I’ll start by saying I wouldn’t normally eat hare, as not only are they magnificent animals but their numbers are on the decline in the UK. Nor are they are particularly easy to get your hands on, compared to the ubiquitous rabbit. This recipe, served with saffron rice, works equally well for rabbit.
I’m very fortunate to have a large population of hares on my farm and enjoy seeing them charge around the fields, especially in late winter and early spring when they begin their courtship rituals. A female boxing away a would-be male suitor is a common sight. I’ve even seen a hare throw a few punches at a rook. As always, at moments like that my camera wasn’t with me.
Anyway, a local game keeper had kindly given me a hare and it had been in my freezer waiting for the perfect dish to do it justice. A campfire in the woods seemed the appropriate setting…
Some Preliminary Campcraft
To cook this dish I was going to use a Dutch oven and so required a sturdy pot hanger to suspend it over the fire. A hazel tripod seemed the most suitable solution so off I went in search of this common hedgerow tree.
I needed three sturdy upright poles for the legs and one long length with a fork at the thickest end (close to the base of the tree). The thin end of this long branch, no thicker than your thumb, needs to be twisted to create a withy, which will bind the three legs at the top creating a tripod. The ‘tick’ end of this length, where the branch forks, will be the hook that the dutch oven hangs from. This needs to the thick enough to support the weight of what you are going to hang from it.
Twist the length of hazel until you hear that recognisable ‘pop’ as the fibers separate and allow it to become flexible, once you have a suitable length twisted you can cut the branch off the tree. Doing it the other way around is much trickier, trust me!
Tidy up the hook end before adding it to the tripod. Then create a clove hitch with the withy and place it over the tripod legs, pull tight and arrange the hook end of the hanger to fall between the legs. To adjust the height of the pot, all you need to do is move the legs in or out. Simple and elegant.
Note, the top of the legs is a great place to hang your mug when not in use, you’ll always know where it is and it doesn’t get full of leaf litter from the woodland floor.
Hare or Rabbit Curry Ingredients
- 3 tbsp oil
- 1 cinnamon stick
- 4 cardamom pods
- 1 bay leaf
- 2 large onions, chopped
- 2 tbsp garlic paste
- 2 tbsp ginger paste
- 1 tsp each of ground cumin, coriander, turmeric, paprika and chilli powder
- 2 tins of plum tomatoes
- either 1 hare or 2 rabbits, jointed and de-boned
- 1 tsp garam masala
- salt and pepper to season
Hare or Rabbit Curry – Method
Heat the oil in a large Dutch oven and add the cinnamon, cardamom and bay leaf, fry for a minute.
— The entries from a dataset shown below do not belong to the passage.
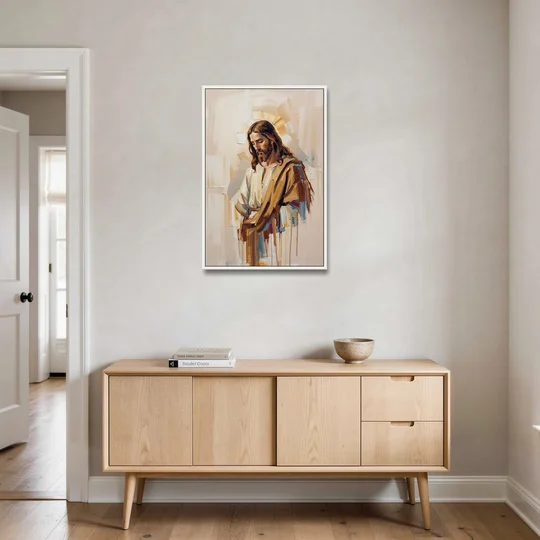 Jesus Portrait Modern Christian - White Framed Canvas Wall Art - Coffee Table - 24x36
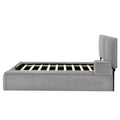 Queen Size Upholstered Platform Bed With Lateral Storage Compartments And Thick Fabric, Velvet, Gray Gray Velvet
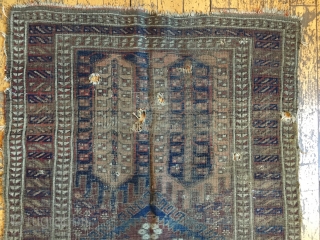 Back room storage clean out. Old Baluch rug. Dirty, worn an damaged. About 3' x 5'                 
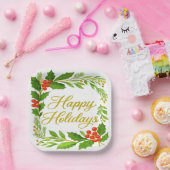 'Happy Holidays' Paper Plate ペーパープレート (パーティー)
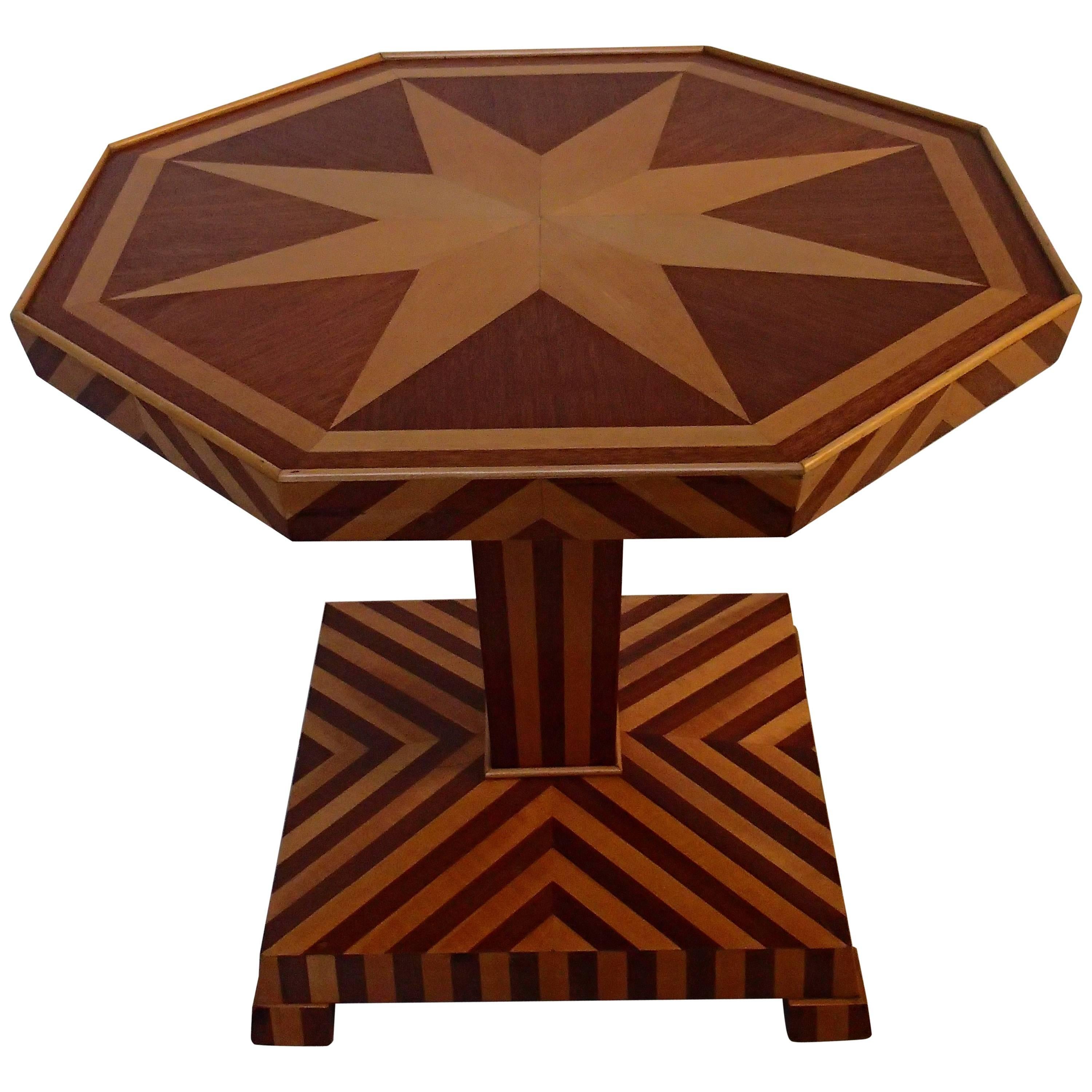 1920 Small All-Over Inlay Octagonal Table Mahogany and Birch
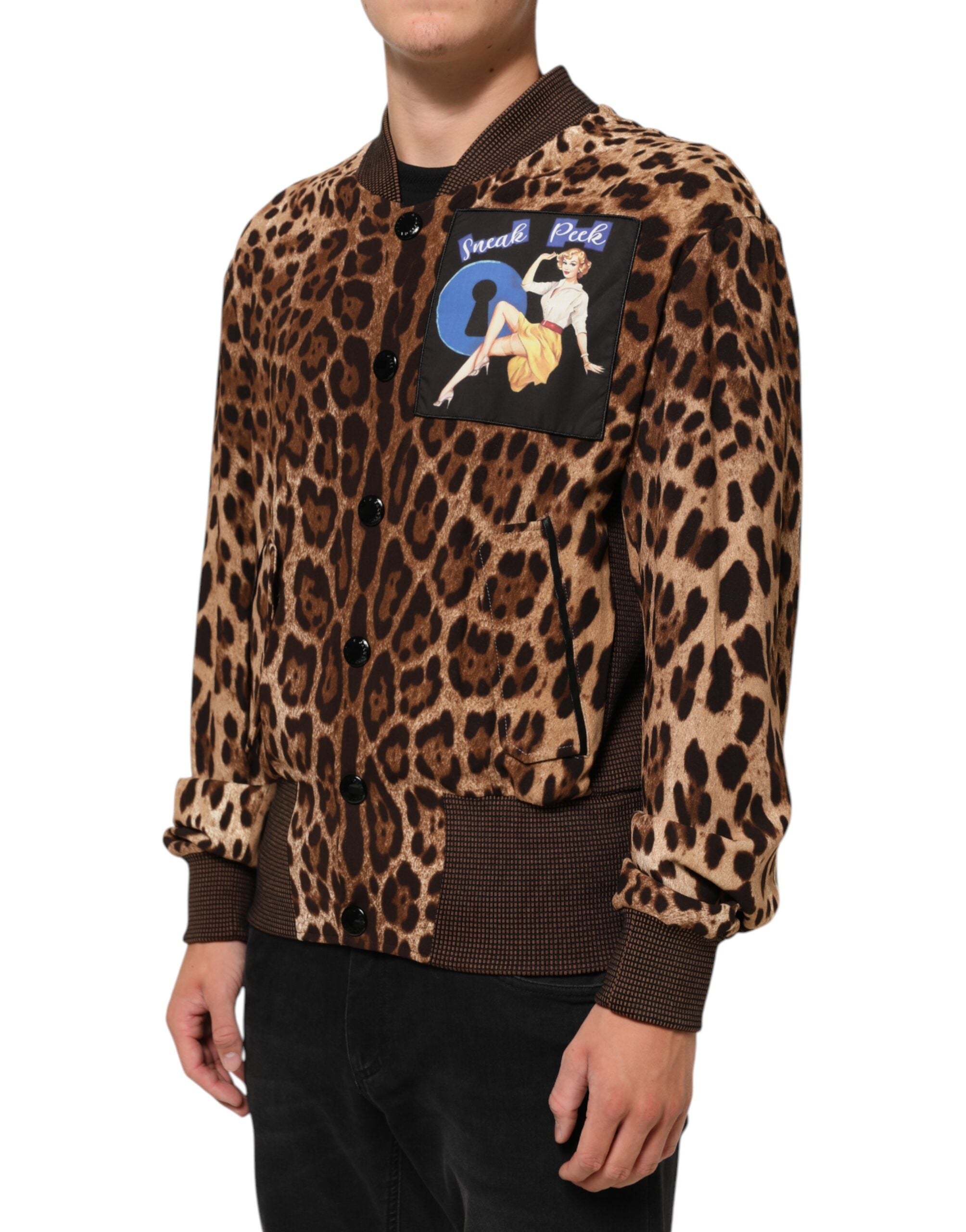 Dolce & Gabbana Braune Leopardenmuster "Sneak Peek" Patch Jacke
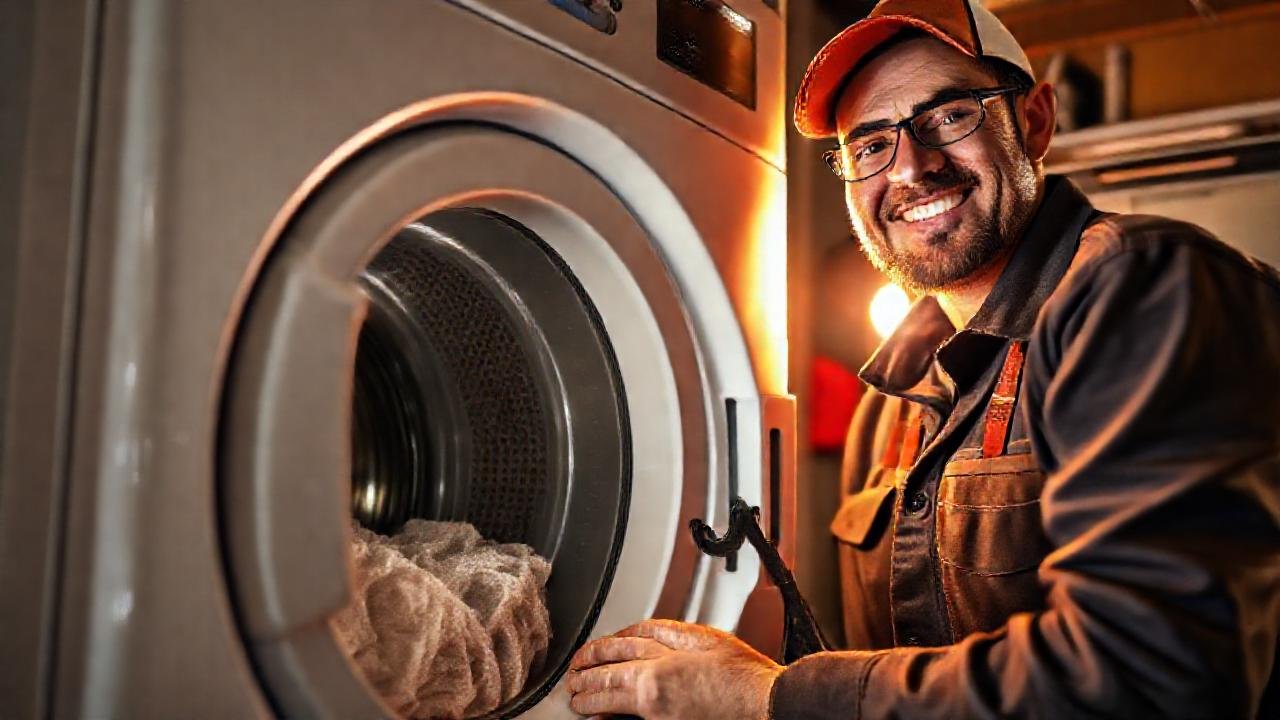 Técnico sonríe, revisando un secador sucio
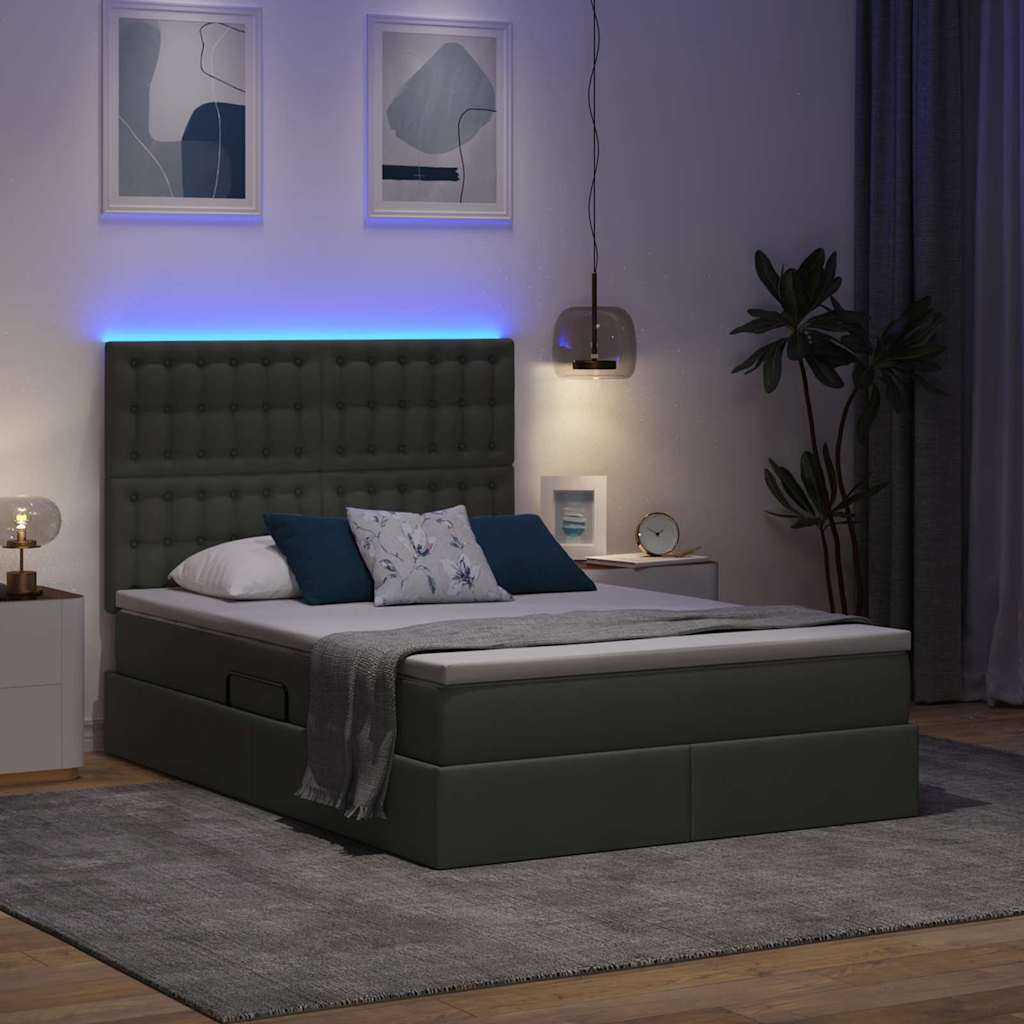 LED Storage Bed with Mattress Dark Grey 137 x 190 cm Fabric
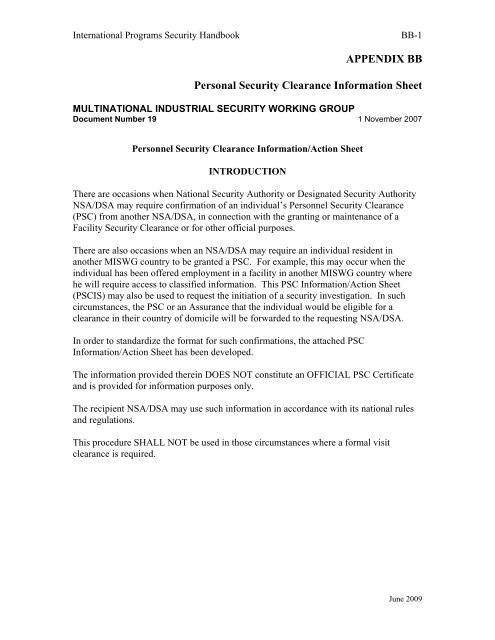 APPENDIX BB Personal Security Clearance Information Sheet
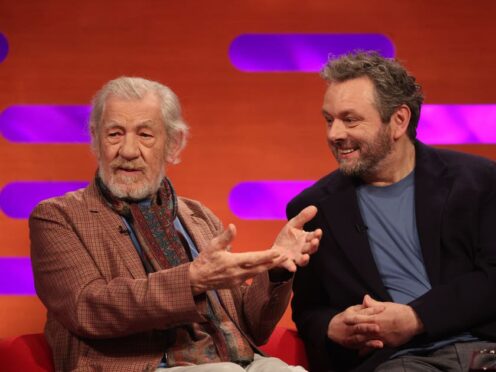 Sir Ian McKellen and Michael Sheen during the filming for the Graham Norton Show (Isabel Infantes/PA)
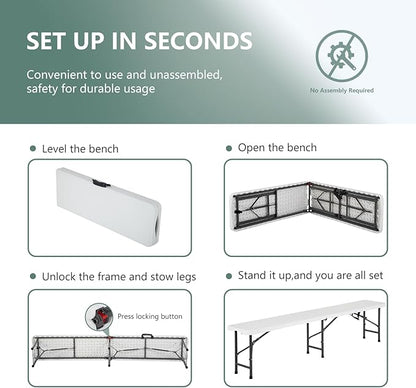 PayLessHere Portable 6 FT Plastic Folding Bench for Outdoor Use, Complete with Carrying Handle for Picnics Camping Dining Parties (2)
Next, add the onions and garlic and ginger paste, along with a generous pinch of salt and cook until soft.
Add all other spices, except the garam masala, and cook for a few minutes until their aromas are released.
Then add tomatoes and rabbit or hare meat along with just enough water to cover. Bring to a simmer and then cook gently on embers for around 45 minutes to an hour, basically until the meat is tender. Stir it regularly.
Once the meat is tender add the garam masala and season to taste.
Serve with rice and or a nice naan bread. I cooked up some saffron rice with mine in an additional billy can, manage your fire correctly and you can time it right so that both the curry and rice are ready at the same time.